Al contrario, l'ideologia delle sinistre occidentali sembra aver smarrito il contatto con le necessità dell'elettorato. Piuttosto che ascoltare le ansie concrete dell'uomo comune, hanno perseguito la visione di un homo novus consumptor, privo di radici culturali e sociali e plasmato da valori globalisti. Questa trasformazione antropologica, orientata a creare un uomo consumatore universale, lascia però un vuoto nella sua identità che i leader come Trump colmano con soluzioni meno astratte.

Guerre a parte, il destino dell'Europa è incerto tra preoccupazioni legate ai flussi migratori e un «politically correct» che impedisce di reagire.

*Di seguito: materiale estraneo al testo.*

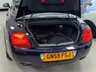 USED 2010 59 BENTLEY CONTINENTAL 6.0 GTC 2d 552 BHP FULL BENTLEY HISTORY 12 SRVS - DARK SAPPHIRE BLUE + LOW MILEAGE!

L'élite europea ha un interesse alle materie prime che converge con l'interesse delle élite africane all'emigrazione della propria opinione pubblica. D'altra parte, a noi che viviamo in democrazie liberali riesce naturale assecondare l'opinione pubblica dei paesi con governi autoritari. E siccome abbiamo così tanti diritti pensiamo sia un peccato non condividerli con altri. In questo contesto, l'Italia ha un vantaggio.

Se il nostro sistema educativo ha mantenuto una sua razionalità, è grazie all'impostazione cartesiana del ministro Gentile, che ha confinato la logica al suo giusto posto. È per questo che nelle nostre scuole insegniamo ancora il teorema di Pitagora e le Guerre Puniche. In realtà il nostro mondo è fallito proprio perché si affida alla logica. Ma la logica è fallace perché è basata sul linguaggio che è a sua volta fallace. E quando ci si affida alla logica spesso si scade nel sillogismo. Credere nella logica affrontando i fenomeni culturali significa confondere la realtà del mondo con la sua narrazione.

Il risultato è che, volendo riconoscere a tutti i diritti che appartengono all'intera umanità, ci ritroviamo invasi da una massa di persone che i diritti non sanno neppure cosa siano. E proprio l'impossibilità di individuare una soluzione logica sul come porre freno al fenomeno dell'immigrazione dimostra che questo dovrebbe essere invece risolto sul piano politico e culturale. E affrontarlo sul piano logico-linguistico ci conduce al fallimento con il quale per arrestare l'immigrazione dovremmo rinunciare ad essere un «paese sicuro».

E forse anche in Europa è arrivato il momento di abbracciare un'identità politica più pragmatica, meno ancorata al linguaggio delle astrazioni e più vicina alle sfide concrete dei suoi cittadini. Altrimenti le élite europee rischiano la fine dei nobili prima della Rivoluzione francese, convinti di poter mungere mucche profumate con secchi d'argento.